** WHAT THE TASK REQUIRES **
In the entries that follow, the lines from the one with "762 Austin Bottom" through the one with "diagonal angle. 140922810" are the ones to write out, exactly and with both ends included. Nothing else should appear.

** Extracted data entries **
* * * * *

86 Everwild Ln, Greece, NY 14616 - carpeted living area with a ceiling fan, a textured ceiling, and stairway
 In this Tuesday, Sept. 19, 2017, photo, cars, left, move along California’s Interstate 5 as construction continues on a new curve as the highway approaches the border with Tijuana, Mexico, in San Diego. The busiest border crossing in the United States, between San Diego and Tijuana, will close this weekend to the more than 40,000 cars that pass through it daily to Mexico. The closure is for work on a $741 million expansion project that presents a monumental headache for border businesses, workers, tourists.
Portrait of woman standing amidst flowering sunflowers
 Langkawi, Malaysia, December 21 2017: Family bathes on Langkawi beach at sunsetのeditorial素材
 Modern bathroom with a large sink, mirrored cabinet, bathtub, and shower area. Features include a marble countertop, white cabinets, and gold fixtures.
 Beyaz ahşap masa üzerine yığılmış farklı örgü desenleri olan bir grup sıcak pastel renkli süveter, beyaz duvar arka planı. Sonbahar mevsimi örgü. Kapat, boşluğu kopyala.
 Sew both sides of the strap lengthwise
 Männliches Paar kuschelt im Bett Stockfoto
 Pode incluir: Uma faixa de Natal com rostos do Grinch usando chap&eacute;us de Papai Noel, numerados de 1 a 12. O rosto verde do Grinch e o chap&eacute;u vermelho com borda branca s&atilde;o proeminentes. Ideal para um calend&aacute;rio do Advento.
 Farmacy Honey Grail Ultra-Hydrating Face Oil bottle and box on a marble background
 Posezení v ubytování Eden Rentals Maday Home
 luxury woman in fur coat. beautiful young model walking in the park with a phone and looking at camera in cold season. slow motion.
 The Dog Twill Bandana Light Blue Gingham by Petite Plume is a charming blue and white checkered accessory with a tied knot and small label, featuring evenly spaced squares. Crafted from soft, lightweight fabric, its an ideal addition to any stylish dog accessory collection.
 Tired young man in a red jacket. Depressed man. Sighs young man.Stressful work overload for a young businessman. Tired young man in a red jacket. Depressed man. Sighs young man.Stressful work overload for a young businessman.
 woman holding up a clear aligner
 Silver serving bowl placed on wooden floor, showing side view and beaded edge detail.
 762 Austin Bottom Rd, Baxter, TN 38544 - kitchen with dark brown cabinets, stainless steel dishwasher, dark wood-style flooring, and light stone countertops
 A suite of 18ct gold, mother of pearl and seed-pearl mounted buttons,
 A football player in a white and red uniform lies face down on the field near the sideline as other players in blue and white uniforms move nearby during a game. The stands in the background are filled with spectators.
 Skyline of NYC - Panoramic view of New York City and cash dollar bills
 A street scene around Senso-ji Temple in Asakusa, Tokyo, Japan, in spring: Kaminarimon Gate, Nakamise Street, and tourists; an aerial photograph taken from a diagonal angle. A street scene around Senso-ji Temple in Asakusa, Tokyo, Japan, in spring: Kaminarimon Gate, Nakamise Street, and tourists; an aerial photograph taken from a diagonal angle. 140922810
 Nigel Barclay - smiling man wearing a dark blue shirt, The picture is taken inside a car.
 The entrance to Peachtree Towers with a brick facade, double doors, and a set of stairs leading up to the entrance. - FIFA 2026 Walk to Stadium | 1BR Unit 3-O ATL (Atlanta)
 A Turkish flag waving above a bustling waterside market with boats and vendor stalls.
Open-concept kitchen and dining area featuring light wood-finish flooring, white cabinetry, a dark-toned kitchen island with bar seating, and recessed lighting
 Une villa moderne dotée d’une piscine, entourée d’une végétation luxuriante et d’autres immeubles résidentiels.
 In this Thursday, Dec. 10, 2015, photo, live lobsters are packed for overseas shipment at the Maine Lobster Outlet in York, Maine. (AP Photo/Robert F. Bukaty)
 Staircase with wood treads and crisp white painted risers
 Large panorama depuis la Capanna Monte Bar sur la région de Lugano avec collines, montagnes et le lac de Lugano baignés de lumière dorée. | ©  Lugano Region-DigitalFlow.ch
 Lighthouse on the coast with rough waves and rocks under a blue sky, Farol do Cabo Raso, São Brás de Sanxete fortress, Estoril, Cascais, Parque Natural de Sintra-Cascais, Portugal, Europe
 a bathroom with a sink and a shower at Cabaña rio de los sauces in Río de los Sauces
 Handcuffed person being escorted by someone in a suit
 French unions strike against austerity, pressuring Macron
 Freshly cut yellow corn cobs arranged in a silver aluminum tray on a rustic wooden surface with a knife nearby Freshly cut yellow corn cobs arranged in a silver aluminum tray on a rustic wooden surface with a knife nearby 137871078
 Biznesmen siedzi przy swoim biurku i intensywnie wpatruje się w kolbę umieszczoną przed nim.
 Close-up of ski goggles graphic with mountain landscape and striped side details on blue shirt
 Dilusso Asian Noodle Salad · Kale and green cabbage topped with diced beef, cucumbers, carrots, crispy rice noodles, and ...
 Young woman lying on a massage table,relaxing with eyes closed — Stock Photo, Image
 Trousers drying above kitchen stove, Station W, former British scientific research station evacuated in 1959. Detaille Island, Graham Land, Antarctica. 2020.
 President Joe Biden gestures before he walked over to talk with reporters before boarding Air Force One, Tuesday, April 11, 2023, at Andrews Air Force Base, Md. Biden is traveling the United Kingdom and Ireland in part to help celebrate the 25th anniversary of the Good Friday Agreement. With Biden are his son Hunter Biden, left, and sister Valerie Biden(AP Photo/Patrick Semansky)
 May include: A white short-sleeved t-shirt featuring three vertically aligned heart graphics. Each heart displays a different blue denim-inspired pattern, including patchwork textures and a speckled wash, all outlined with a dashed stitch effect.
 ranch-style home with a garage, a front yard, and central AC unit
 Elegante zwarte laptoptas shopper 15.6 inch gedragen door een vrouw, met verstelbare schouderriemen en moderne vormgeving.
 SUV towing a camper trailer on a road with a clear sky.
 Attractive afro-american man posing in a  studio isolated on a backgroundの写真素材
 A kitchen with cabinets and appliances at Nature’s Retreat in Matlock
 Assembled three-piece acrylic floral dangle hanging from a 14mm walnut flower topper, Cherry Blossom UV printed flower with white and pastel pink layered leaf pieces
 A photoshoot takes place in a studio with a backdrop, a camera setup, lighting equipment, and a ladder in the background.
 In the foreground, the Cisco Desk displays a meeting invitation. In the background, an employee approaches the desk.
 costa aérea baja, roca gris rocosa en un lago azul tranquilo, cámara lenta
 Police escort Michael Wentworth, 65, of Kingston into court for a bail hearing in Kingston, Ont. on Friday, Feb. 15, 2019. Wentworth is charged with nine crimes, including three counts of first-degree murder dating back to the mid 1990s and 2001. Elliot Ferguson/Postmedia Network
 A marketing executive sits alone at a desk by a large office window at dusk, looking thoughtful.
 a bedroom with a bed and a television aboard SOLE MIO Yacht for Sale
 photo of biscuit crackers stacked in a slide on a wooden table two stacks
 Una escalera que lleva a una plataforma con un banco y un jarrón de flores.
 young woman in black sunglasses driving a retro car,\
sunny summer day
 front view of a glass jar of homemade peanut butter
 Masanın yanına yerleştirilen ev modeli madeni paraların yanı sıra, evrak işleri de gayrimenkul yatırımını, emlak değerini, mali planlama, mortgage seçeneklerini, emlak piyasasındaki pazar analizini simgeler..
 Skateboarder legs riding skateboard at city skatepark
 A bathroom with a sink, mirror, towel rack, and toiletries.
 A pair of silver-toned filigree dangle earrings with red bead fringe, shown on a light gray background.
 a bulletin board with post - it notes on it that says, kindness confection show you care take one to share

* * * * *

** RESPONSE TO THIS TASK **
 762 Austin Bottom Rd, Baxter, TN 38544 - kitchen with dark brown cabinets, stainless steel dishwasher, dark wood-style flooring, and light stone countertops
 A suite of 18ct gold, mother of pearl and seed-pearl mounted buttons,
 A football player in a white and red uniform lies face down on the field near the sideline as other players in blue and white uniforms move nearby during a game. The stands in the background are filled with spectators.
 Skyline of NYC - Panoramic view of New York City and cash dollar bills
 A street scene around Senso-ji Temple in Asakusa, Tokyo, Japan, in spring: Kaminarimon Gate, Nakamise Street, and tourists; an aerial photograph taken from a diagonal angle. A street scene around Senso-ji Temple in Asakusa, Tokyo, Japan, in spring: Kaminarimon Gate, Nakamise Street, and tourists; an aerial photograph taken from a diagonal angle. 140922810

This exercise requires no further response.